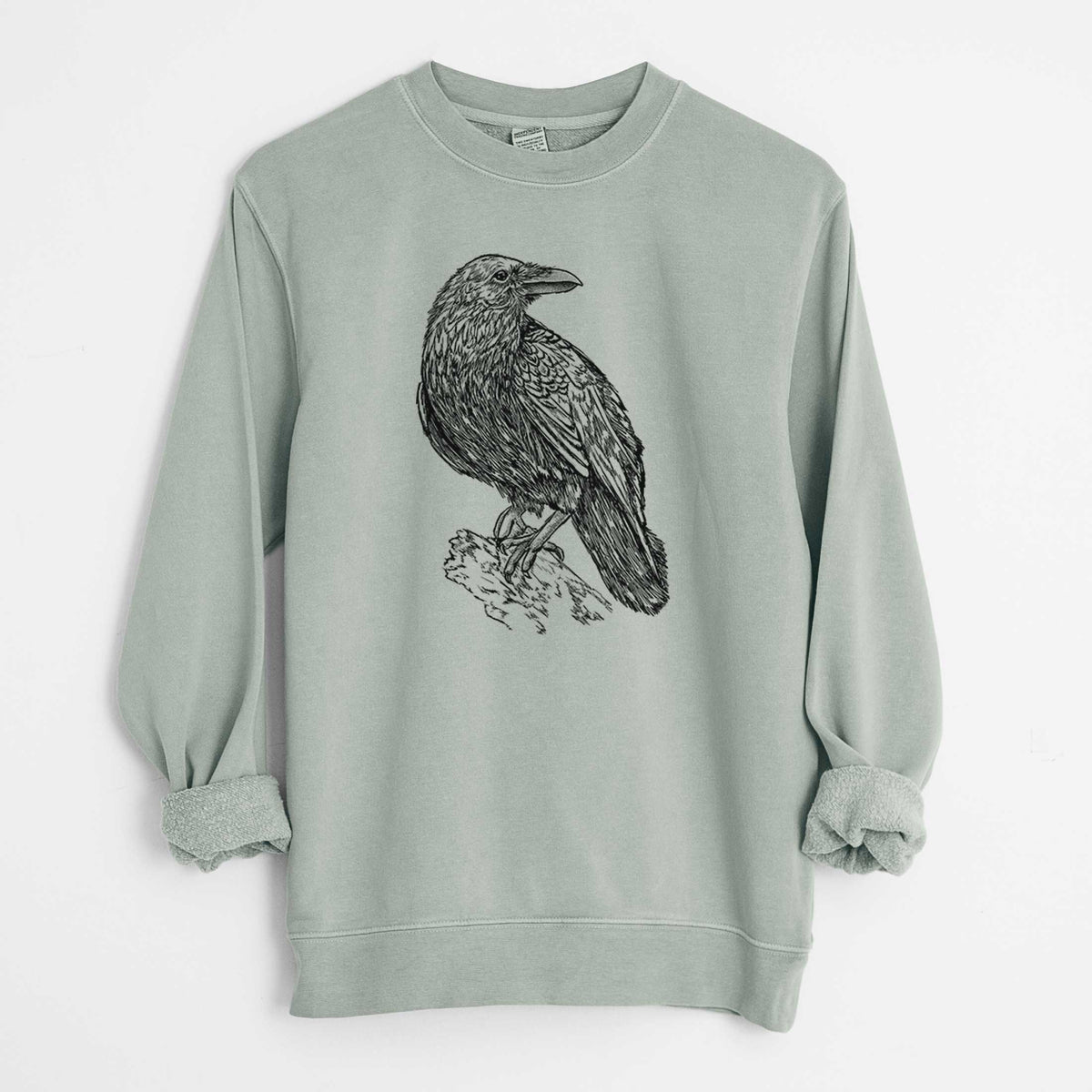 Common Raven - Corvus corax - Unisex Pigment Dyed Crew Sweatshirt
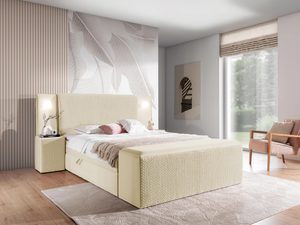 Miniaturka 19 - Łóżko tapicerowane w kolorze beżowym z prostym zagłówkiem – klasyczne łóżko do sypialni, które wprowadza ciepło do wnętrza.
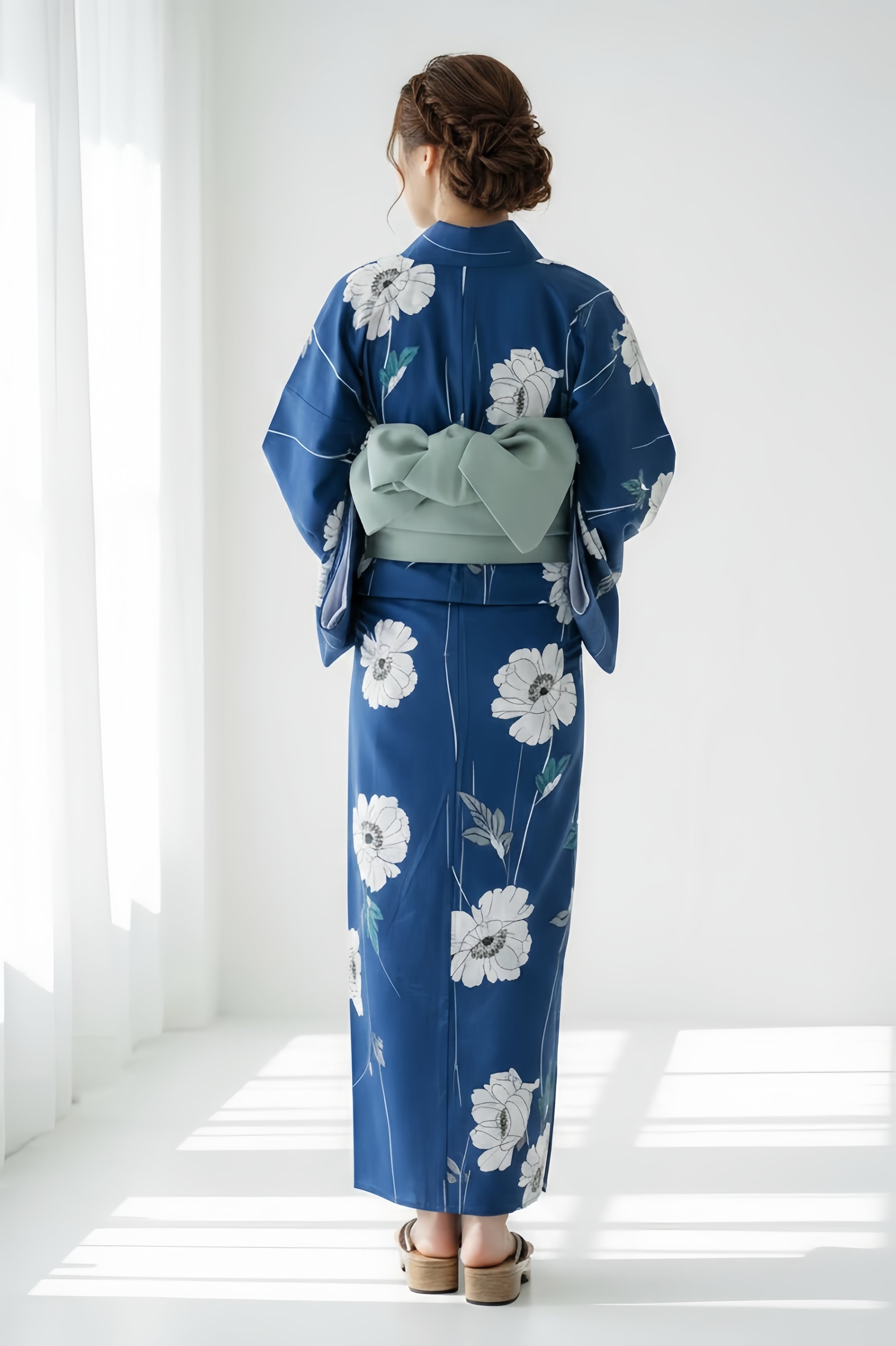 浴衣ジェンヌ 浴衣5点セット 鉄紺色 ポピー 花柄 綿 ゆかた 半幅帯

_Exercise directions:_ Word for word, output the whole listing, but not its pictures.

_Written response:_
 Common Raven - Corvus corax - Unisex Pigment Dyed Crew Sweatshirt
 Miniaturka 19 - Łóżko tapicerowane w kolorze beżowym z prostym zagłówkiem – klasyczne łóżko do sypialni, które wprowadza ciepło do wnętrza.
 浴衣ジェンヌ 浴衣5点セット 鉄紺色 ポピー 花柄 綿 ゆかた 半幅帯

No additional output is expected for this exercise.